Can we? No! Absolutely not...

Do you remember when almost no one had even heard of Valentino Rossi...

Motorbikes. Motorbikes are great for Cornwall. Although, my motorbike days are long in the past and best forgotten. Or, so I thought, until a few months ago.

Convinced and determined my biking days were long gone and defunct, it therefore came as a complete shock while flicking through the television channels - as I was not in the mood for Vanish “it really works” commercials - when I came upon the Year 2000 500cc Malaysian World Championship Grand Prix. Now known as MotoGP. Something stirred in my stomach that had nothing to do with the iffy tuna fish I’d eaten the night before. The tuna wasn’t really off. I’m the iffy one. Hazard of ME is that you can’t eat what you want. When you have found something that doesn’t leave you comatose within minutes lasting for the whole day and possibly into the next, do not get excited because by the following month your body will probably be rejecting it.

Motorbikes. Easy. Choose your oil. Any type. Motorbikes don’t get ME. Wow! I watched with eyes wide open. The commentator mentioned something about Kenny Roberts. Kenny Roberts? I heard it as Rogers. Had Lucille finally left him? Impressed at this drastic change of career for the old country and western crooner I had to find out more. Moving Ninja to one side, who couldn’t understand anyone getting excited over something that sounded like a swarm of hungry hornets - I sat back and allowed myself to be totally amazed. I was hooked! Ninja too. Judging by the eventual intensity of her purring or was she simply mimicking the bikes. I can do it too. We’d both found a new hobby. Perhaps it would even knock food off the number one spot? Doubtful.

Eagerly we waited for the Suzuka Grand Prix to be broadcast and by the time it came around, Ninja and I were sitting next to each other on the edge of the couch. Fired up, ready and waiting. I was there. Watching. Waiting. That’s me being fired up. And we waited. Concentration is hard at the best of times but after being told for the fourth time by a girl in a bikini how Michelin tyres are the best, my mind began to wander. Snoring reverberating in my ear told me Ninja had lost the will to live and I began to lament how the Japanese could produce the bikes but seemingly not the riders to go with them. On which planet have I been living these past few years? How deliciously wrong did I turn out to be?

He seemed to lean into the corner with the grace of Nureyev only to come out of it kicking like Bruce Lee. He and his bike were not two separate components. They were one. Moulded together from birth.
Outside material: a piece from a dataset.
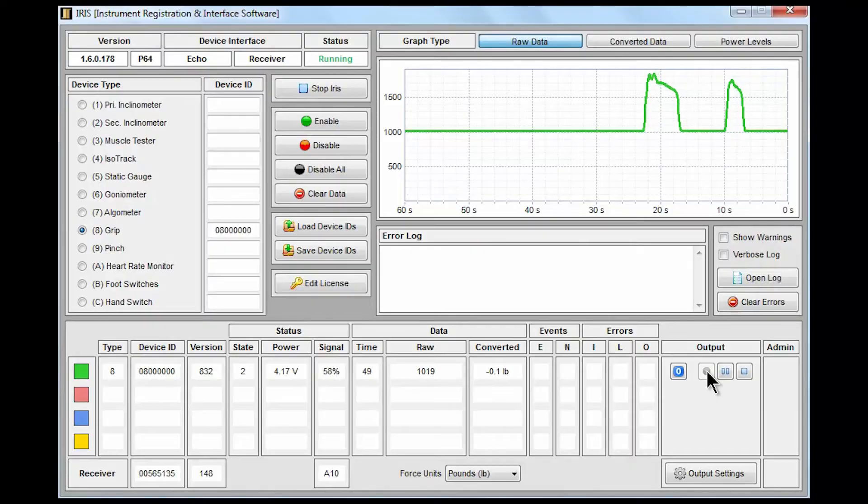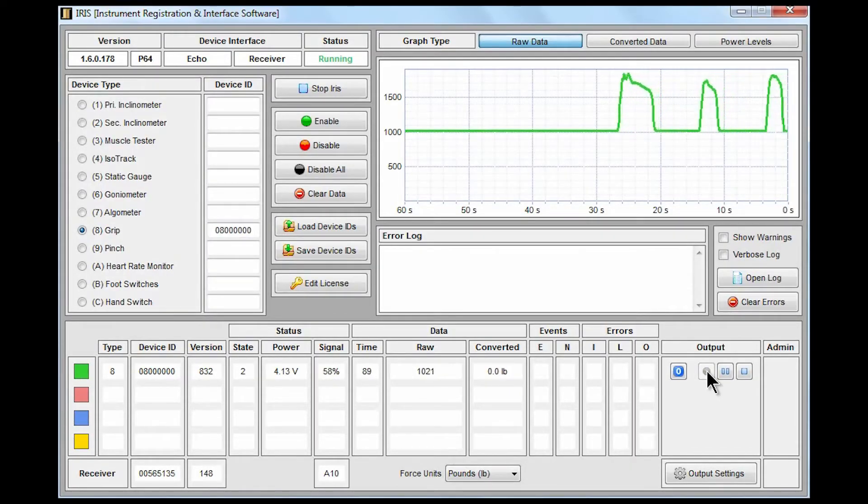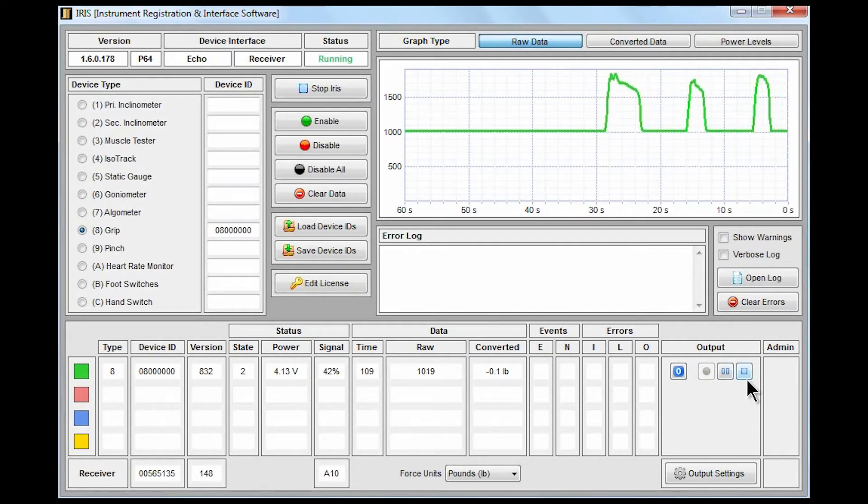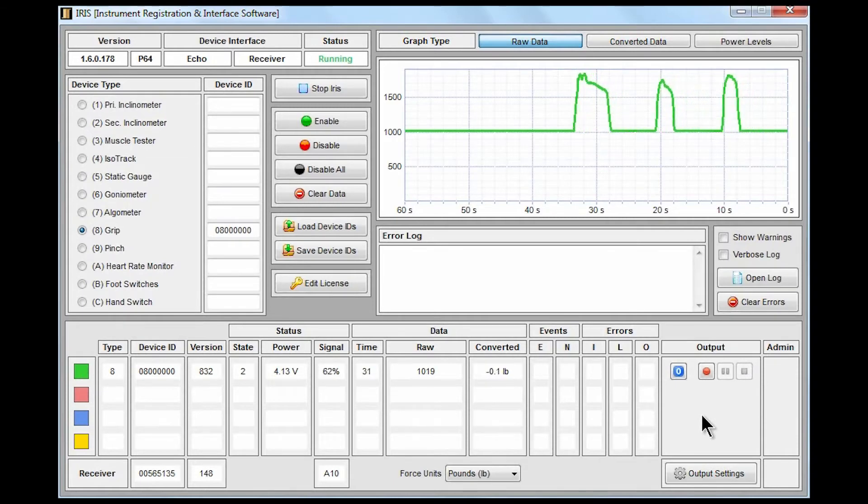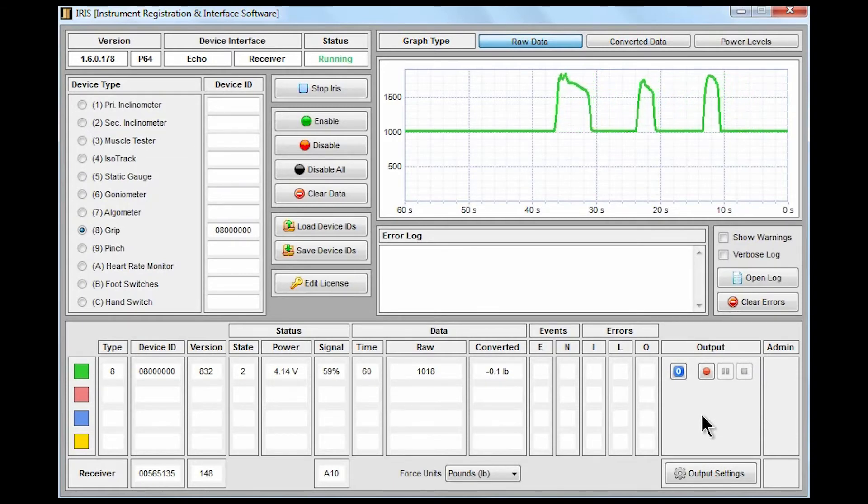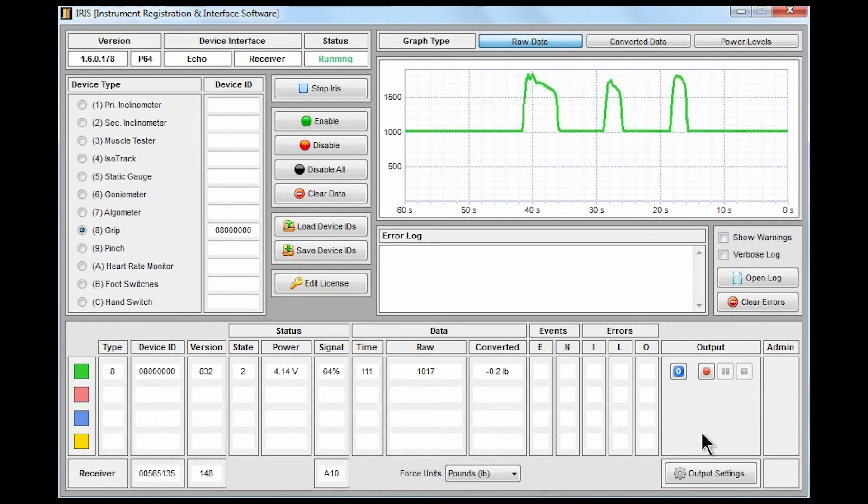Once we have put in a few repetitions or whatever our output is that we desired, we can click on the stop button to stop recording data. The device of course continues to read from the wireless gauge but our output file now has been completed. So let's take a look and see what that output actually looks like.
Norick Abe. He is sheer poetry in motion.

Okay, I admit it. We’re not talking strictly bikes here. Let’s face it - he’s a babe! He definitely has a quality that sets him apart from his competitors as brilliant as they are. Abe has that special something. Not since the groovy days of Barry Sheene, (a now sadly departed seventies icon) has there been someone who not only rides a mean machine but has the decency to look good as well. Placed at number three in the current standings of the 500cc World Championship Grand Prix, he is 100 per cent dedicated to his art. In Mr Abe’s case, it is art.

What’s he doing these days, I wonder...

UPDATE: Norick Abe died in 2007. I’d like to dedicate this blog to the memory of a talented and decent human being.